Congruence modulo a power of two let $a \geq 3$. Let $2^a \mid c^2-1$. 
By simple divisibility rules I get 
$$c \equiv 1 \mod 2^a \quad \text{or} \quad c \equiv -1 \mod 2^a  $$
or
$$c \equiv 1 \mod 2^{a-1},\quad  c \equiv  -1 \mod 2 $$
or
$$c \equiv -1 \mod 2^{a-1},\quad  c \equiv  1 \mod 2 $$
Can you explain me how to obtain the following congruence:
$$
c \; \equiv \; \pm 1 + 2^{a-1} \mod 2^a 
$$
??
 A: We want to solve the congruence $(c-1)(c+1)\equiv 0\pmod{2^a}$, where $a\ge 3$. Note that $c$ must be odd, and that $c-1$ and $c+1$ are two consecutive even numbers.
Since $c-1$ and $c+1$ are consecutive even numbers, one of them is congruent to $2$ modulo $4$, and therefore only has one $2$ to contribute to the product.
Case 1: [$c+1\equiv 2\pmod{4}$]  Since $2^a$ divides $(c-1)(c+1)$, $2^{a-1}$ must divide $c-1$. So $c\equiv 1\pmod{2^{a-1}}$, and therefore $c=1+k2^{a-1}$ for some integer $k$. If $k$ is even, then $s\equiv 1\pmod{2^a}$. If $k$ is odd then $c\equiv 1+2^{a-1}\pmod{2^{a}}$. 
It is clear that $c\equiv 1\pmod{2^a}$ and $c\equiv 1+2^{a-1}\pmod{2^a}$ are solutions.
Case 2: [$c-1\equiv 2\pmod{4}$] Then $2^{a-1}$ must divide $c+1$, and therefore $c=-1+k2^{a-1}$ for some integer $k$. If $k$ is even then $c\equiv -1+2^{a-1}\pmod{2^{a}}$, and if $k$ is odd then $c\equiv -1+2^{a-1}\pmod{2^{a}}$.
If $a\ge 3$, then the four solutions are distinct modulo $2^a$. 
A: Extended hints (prove/validate/justify the steps):


*

*$c^2-1=(c-1)(c+1)$

*We want the product $mn$ with $m=c+1$, $n=c-1$ to be divisible by $2^a$. For that to happen we must have an integer $k, 0\le k\le a,$ such that $2^k\mid m$ and $2^{a-k}\mid n$.
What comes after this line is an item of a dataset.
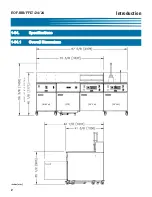 Предварительный просмотр 14 страницы GILES EOF-BIB/FFLT/24/24 Manual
*Because $c+1$ and $c-1$ differ from each other by two, at most one of them can be divisible by four.

*Therefore in the second bullet the parameter $k$ must be one of $0,1,a-1,a$. The in-between range of choices does not work.

*The given list of four possibilities comes out of this.